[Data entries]
--------------------------------------------------

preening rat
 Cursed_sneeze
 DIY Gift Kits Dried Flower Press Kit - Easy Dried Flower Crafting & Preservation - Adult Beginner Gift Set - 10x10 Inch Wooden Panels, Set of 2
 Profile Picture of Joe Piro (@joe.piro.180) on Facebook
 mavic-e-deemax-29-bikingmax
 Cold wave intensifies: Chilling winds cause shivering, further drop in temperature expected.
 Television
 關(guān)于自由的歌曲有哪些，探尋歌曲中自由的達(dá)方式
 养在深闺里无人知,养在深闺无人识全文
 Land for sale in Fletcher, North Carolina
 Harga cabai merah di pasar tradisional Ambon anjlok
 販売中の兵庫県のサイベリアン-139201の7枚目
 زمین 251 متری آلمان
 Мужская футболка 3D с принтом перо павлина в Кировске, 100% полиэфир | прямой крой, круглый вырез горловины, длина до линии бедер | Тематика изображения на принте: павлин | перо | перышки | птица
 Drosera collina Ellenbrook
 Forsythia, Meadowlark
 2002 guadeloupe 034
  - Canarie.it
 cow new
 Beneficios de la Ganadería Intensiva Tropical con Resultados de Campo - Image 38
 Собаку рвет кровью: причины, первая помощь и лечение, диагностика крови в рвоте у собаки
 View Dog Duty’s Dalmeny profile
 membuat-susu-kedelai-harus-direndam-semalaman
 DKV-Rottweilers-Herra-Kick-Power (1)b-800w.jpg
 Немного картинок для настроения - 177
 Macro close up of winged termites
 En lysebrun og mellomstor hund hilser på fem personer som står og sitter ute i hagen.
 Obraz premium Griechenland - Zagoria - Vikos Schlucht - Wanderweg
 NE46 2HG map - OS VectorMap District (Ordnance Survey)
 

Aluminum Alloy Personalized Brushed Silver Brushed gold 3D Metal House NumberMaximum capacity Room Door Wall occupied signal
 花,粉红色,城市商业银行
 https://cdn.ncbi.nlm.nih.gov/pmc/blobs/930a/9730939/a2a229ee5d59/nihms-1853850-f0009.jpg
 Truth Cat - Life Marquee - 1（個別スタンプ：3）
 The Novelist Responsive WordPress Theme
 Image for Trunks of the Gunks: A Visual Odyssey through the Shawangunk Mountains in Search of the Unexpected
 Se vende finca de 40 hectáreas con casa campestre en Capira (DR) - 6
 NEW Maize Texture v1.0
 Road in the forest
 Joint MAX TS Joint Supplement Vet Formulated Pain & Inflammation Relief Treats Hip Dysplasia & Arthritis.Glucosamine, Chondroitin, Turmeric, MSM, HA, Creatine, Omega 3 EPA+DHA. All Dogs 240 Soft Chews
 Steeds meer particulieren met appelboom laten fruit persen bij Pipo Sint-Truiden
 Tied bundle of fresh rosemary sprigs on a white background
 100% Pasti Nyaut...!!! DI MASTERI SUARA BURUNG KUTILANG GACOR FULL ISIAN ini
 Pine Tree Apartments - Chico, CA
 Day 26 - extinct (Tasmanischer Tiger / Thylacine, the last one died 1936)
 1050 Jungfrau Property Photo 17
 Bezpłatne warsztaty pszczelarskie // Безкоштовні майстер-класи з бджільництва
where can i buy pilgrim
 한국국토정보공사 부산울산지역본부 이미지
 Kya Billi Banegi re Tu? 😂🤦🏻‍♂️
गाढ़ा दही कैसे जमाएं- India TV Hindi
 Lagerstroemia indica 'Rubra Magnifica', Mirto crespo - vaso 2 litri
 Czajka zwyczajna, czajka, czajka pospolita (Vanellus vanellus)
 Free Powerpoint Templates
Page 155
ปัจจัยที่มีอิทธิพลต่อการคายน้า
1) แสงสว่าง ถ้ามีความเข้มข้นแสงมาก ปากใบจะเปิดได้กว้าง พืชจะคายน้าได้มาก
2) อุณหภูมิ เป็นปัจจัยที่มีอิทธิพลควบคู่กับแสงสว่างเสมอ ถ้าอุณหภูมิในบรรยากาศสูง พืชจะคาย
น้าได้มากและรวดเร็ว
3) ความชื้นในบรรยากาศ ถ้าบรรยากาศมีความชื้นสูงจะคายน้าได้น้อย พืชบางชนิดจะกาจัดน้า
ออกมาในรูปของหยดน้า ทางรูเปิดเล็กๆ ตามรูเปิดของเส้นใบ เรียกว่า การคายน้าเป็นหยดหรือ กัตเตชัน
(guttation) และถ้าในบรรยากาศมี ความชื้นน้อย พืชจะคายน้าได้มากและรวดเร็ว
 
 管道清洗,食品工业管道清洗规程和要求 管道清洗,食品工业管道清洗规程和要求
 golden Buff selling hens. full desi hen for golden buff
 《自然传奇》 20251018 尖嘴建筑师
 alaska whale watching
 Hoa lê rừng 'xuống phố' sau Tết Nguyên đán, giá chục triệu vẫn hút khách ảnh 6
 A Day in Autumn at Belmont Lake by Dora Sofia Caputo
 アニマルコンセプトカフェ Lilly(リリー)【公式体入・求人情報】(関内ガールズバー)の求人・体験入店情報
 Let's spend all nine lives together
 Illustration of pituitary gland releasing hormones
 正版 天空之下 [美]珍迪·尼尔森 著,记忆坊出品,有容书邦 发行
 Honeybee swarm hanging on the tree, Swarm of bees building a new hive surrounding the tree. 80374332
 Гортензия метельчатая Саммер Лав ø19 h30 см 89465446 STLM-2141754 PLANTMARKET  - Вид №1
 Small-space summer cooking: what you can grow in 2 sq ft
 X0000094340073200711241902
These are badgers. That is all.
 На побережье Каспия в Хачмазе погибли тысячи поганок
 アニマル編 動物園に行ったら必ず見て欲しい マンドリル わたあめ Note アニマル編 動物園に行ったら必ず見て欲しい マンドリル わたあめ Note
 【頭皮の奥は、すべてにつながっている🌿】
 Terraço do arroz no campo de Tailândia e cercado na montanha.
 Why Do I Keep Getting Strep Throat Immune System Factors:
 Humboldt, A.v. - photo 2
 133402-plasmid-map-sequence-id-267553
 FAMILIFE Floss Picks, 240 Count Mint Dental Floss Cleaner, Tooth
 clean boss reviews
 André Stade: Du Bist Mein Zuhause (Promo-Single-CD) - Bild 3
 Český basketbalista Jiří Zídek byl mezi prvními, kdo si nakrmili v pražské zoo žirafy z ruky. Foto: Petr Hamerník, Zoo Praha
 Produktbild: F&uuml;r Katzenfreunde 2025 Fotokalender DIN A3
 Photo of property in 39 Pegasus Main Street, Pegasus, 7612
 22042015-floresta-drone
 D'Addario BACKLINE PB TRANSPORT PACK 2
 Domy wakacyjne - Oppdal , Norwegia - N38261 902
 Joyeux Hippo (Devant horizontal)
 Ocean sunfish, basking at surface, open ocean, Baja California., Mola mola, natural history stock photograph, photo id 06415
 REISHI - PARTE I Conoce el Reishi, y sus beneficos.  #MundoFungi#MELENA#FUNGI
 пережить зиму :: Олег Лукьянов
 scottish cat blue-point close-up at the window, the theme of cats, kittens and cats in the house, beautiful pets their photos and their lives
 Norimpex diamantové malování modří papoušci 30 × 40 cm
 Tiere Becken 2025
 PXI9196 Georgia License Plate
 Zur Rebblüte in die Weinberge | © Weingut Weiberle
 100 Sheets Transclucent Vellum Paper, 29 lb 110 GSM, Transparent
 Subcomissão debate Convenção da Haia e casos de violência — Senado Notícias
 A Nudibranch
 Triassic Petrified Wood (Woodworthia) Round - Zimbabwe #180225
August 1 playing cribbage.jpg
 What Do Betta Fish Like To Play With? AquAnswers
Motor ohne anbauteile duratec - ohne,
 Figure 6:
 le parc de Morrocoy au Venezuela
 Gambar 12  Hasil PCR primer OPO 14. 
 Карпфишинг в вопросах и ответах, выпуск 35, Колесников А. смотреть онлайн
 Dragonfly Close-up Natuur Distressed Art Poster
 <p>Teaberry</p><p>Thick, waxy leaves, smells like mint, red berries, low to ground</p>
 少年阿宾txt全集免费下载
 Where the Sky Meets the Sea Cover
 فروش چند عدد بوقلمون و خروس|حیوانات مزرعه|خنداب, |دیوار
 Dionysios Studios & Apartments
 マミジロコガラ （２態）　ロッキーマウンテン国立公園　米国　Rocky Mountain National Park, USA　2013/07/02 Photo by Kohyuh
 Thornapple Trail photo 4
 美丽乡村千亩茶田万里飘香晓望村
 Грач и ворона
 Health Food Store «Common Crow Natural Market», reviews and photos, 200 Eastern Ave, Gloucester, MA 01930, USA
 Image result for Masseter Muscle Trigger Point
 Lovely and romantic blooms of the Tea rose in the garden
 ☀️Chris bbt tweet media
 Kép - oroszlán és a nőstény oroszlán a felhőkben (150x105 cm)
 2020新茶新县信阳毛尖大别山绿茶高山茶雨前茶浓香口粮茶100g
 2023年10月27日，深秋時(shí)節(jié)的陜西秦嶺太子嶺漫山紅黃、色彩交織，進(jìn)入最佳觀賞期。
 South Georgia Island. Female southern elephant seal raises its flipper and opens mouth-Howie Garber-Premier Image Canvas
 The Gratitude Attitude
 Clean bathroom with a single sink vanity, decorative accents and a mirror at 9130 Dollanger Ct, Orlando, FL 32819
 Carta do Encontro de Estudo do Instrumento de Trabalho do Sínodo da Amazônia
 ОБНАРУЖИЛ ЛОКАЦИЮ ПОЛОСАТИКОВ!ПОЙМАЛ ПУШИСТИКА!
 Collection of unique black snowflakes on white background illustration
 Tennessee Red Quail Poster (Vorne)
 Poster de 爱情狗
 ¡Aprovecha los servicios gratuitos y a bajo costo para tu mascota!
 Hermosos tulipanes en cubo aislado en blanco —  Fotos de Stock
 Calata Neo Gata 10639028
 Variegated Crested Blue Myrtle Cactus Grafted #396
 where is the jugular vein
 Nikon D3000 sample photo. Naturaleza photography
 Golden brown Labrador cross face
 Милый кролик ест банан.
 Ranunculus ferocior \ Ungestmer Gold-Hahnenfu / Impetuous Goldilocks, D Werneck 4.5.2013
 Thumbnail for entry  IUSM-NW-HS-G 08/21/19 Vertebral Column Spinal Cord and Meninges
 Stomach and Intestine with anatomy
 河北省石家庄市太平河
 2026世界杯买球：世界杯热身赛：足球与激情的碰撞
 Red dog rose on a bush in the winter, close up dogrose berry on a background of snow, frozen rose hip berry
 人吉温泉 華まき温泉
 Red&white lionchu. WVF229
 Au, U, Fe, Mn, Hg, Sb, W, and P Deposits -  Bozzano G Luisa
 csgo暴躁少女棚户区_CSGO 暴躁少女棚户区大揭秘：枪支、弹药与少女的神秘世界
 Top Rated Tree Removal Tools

--------------------------------------------------

### WORK TO COMPLETE
Only the lines above from the line containing "NEW Maize Texture v1.0" through the line containing "Tied bundle of" should be retyped, exactly and with both ends included.

### TASK RESULT
 NEW Maize Texture v1.0
 Road in the forest
 Joint MAX TS Joint Supplement Vet Formulated Pain & Inflammation Relief Treats Hip Dysplasia & Arthritis.Glucosamine, Chondroitin, Turmeric, MSM, HA, Creatine, Omega 3 EPA+DHA. All Dogs 240 Soft Chews
 Steeds meer particulieren met appelboom laten fruit persen bij Pipo Sint-Truiden
 Tied bundle of fresh rosemary sprigs on a white background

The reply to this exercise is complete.